Class has ended and a Latina student has stayed behind again to ensure she understands the details of her part in the Collaborative Midterm Presentations taking place next week. We do this after almost every class, reviewing in Spanish what was presented in English so she can own the material. Today, for the first time, I heard another classmate respond to her in their mother tongue after the groups had disbanded. Progress. Our classroom is safe enough for more and more of us to be ourselves. She is wondering how she will present her themes of literature using an Octavio Paz poem, Between Going and Staying. The themes she has been focusing on while reading are displacement, the importance of family, and integration. She leaves relieved at the thought of presenting a portion of her material in Spanish.

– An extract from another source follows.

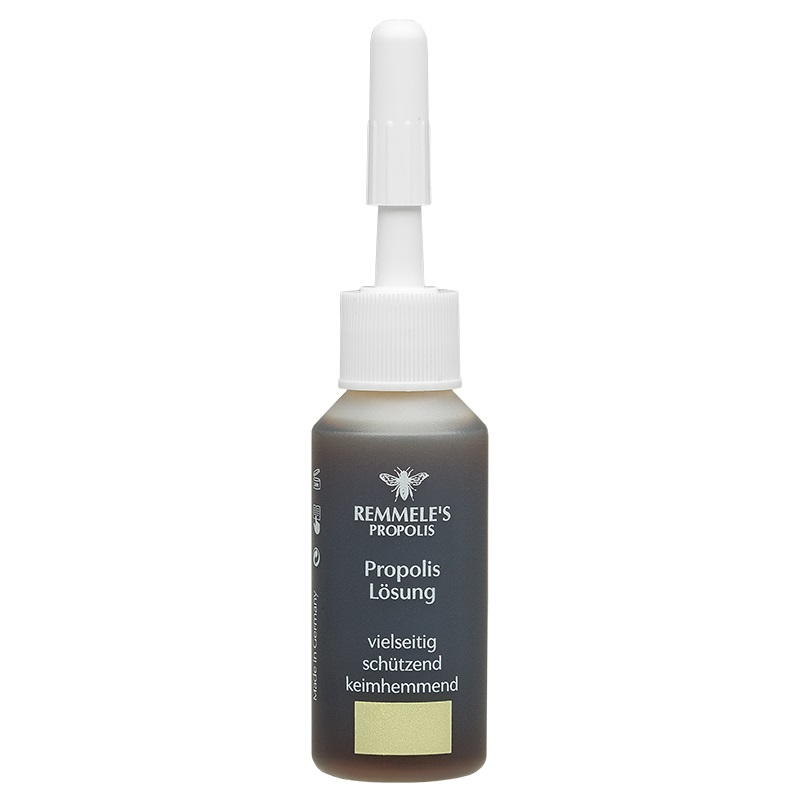 Remmele’s Propolis Solution lahus 15 ml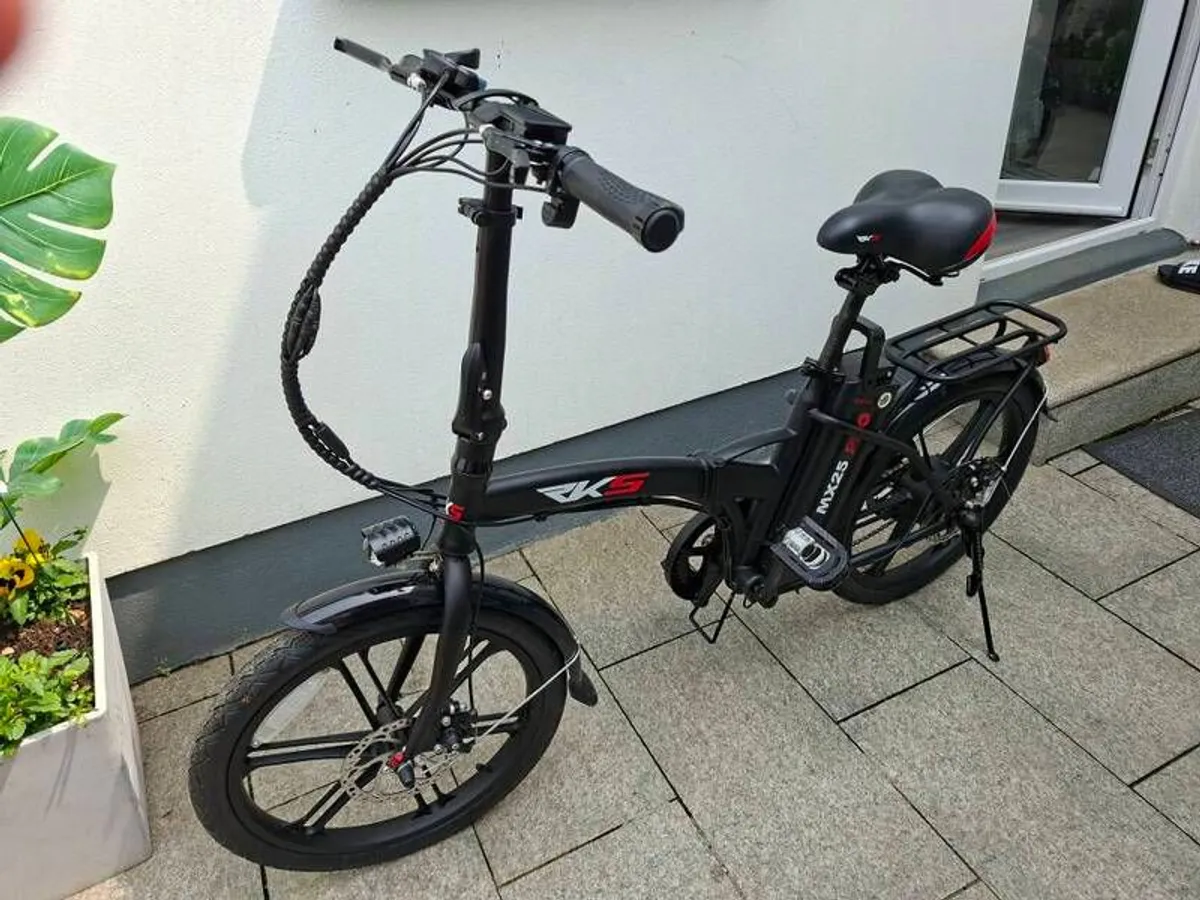eletric bike - Image 2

In a Migrant Literature course it makes sense if one of your goals is perspective-taking. It makes sense if establishing an emotional connection with the material offers a valuable efficiency. It makes sense if flipping majority and minority ‘authorities’ for a few minutes will teach more in those moments than a lifetime of telling. It makes sense if you want the Course Objectives to walk off the page and into our lives the way the medium is the message.

As we walk down the hall discussing everything from Mitt Romney’s connections to Mexico and teachers who embarrass students whose first language is not English, she says she doesn’t think discrimination will ever end. Ending discrimination was the response to the day’s freewriting topic that received the most frequent and energetic response. I’m certain that the student who posed the question, If you could change anything about immigration history, what would you change, didn’t think he was skating on a volcano.

I was humbled and encouraged by the reasons students gave for the things they would change. Needing to reserve enough time for teams to organize, I simply summarized the comments gathered during discussion by asking for the assumptions behind the statements made to water a seed for their work together.


Dear Lucille

After a long weekend I begin the teaching week heavier than usual. Even my glasses feel tight. So I turn to your latest volume for inspiration before facing class and open to photograph. Your poems, memories of your classes, are among my favorite things.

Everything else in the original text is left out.